Nadja Pobel | Jeudi 21 juin 2012

Adossée à la bourgeoise Saint-Germain-au-Mont-d'Or, la bourgade de Chasselay est aux portes de Lyon (distante d'une quinzaine de kilomètres seulement) mais n'est déjà - volontairement - plus dans le Grand Lyon pour garder son indépendance. Car les habitants de ce village ont du caractère à l'image du château de Machy, ancienne propriété de la famille Morand (celle qui au XVIIIe siècle créa le quartier des Brotteaux).

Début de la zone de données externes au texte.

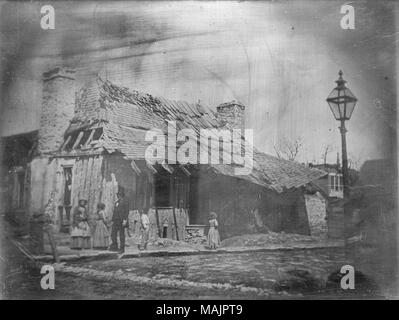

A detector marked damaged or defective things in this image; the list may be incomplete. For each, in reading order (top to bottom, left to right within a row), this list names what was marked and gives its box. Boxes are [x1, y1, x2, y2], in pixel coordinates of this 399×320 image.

damaged roof [61, 77, 326, 192]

Depuis 1993, la troupe parisienne du théâtre de l'Arc-en-Ciel s'y est installée, pour prendre le temps de la création en pleine campagne, loin de la fureur urbaine. Elle acquiert alors ce bien pour une somme qui aujourd'hui ne permettrait pas même pas de payer un deux pièces. À grand renfort de bonnes volontés (les compagnons du devoir, des chantiers-écoles…), la rénovation du château prend forme. Il est désormais doté d'une hôtellerie pour les artistes, d'une salle de spectacle d'intérieur et d'une cour dont la pente a été aplanie pour accueillir 250 personnes sur des gradins temporaires.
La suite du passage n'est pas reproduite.